> _Task requirements_:
No pictures go into the copy. Write out every line below exactly.

*** Data extract Section Begins ***

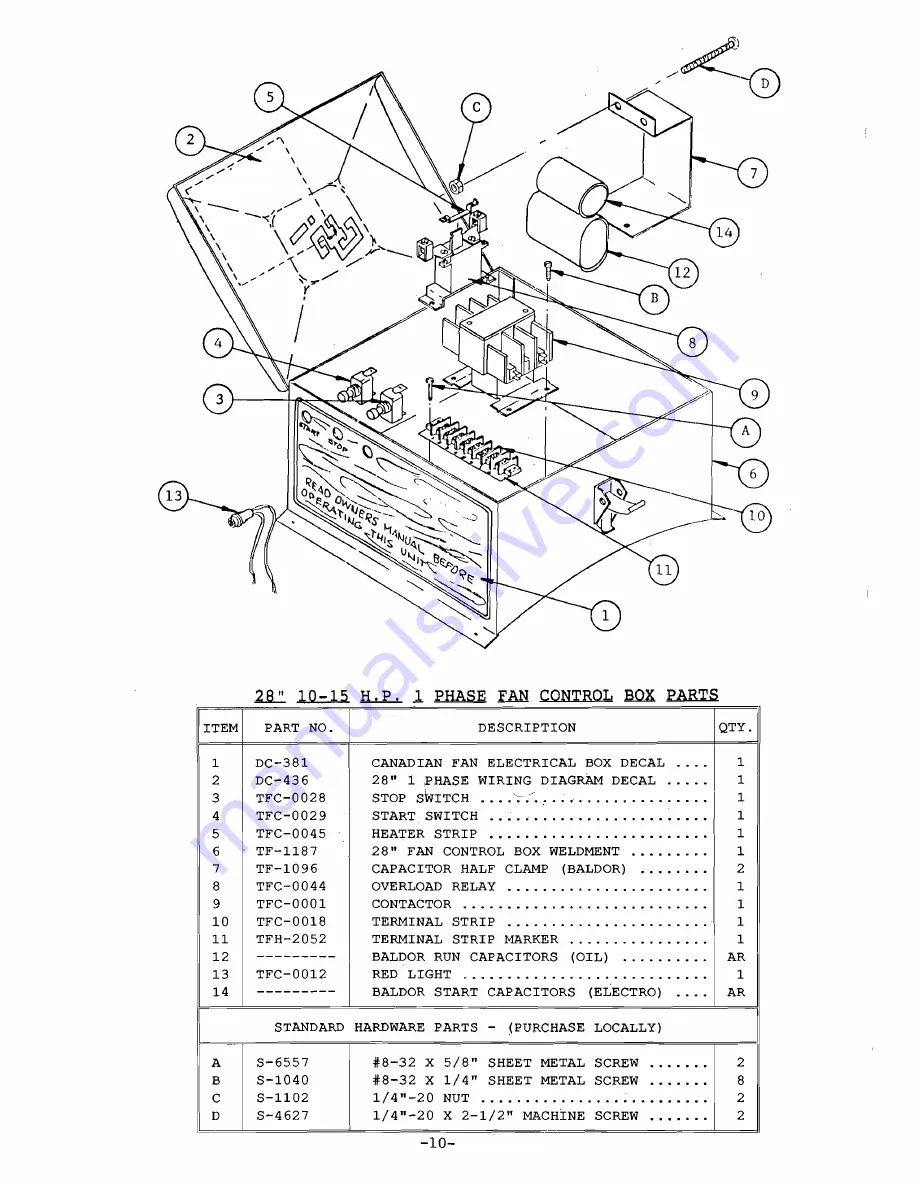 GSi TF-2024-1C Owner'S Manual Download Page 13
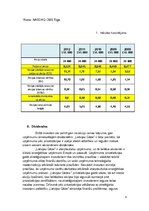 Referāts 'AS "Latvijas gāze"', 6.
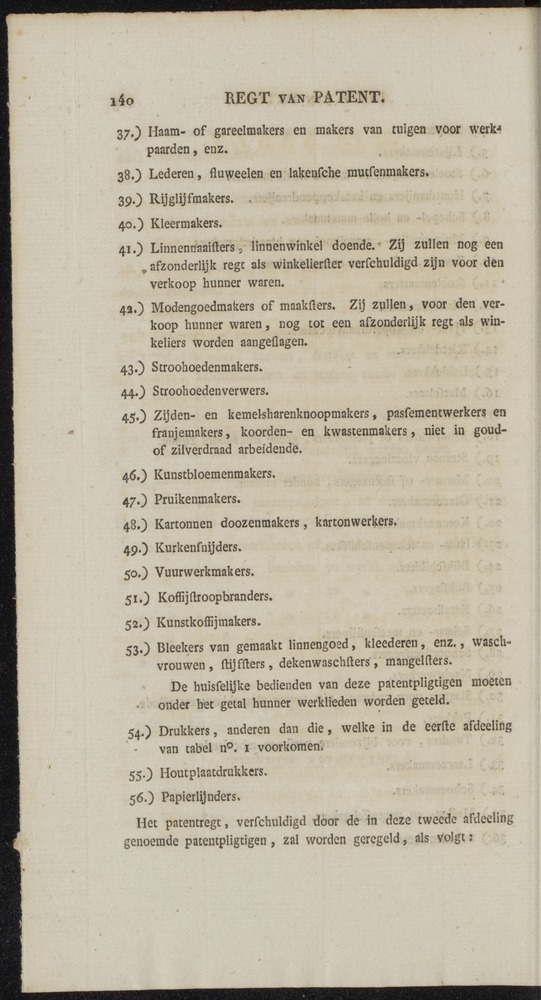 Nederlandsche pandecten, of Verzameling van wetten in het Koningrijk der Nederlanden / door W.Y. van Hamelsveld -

*** Data extract Section Ends ***

> _Problem solution_:
 GSi TF-2024-1C Owner'S Manual Download Page 13
 Referāts 'AS "Latvijas gāze"', 6.
 Nederlandsche pandecten, of Verzameling van wetten in het Koningrijk der Nederlanden / door W.Y. van Hamelsveld -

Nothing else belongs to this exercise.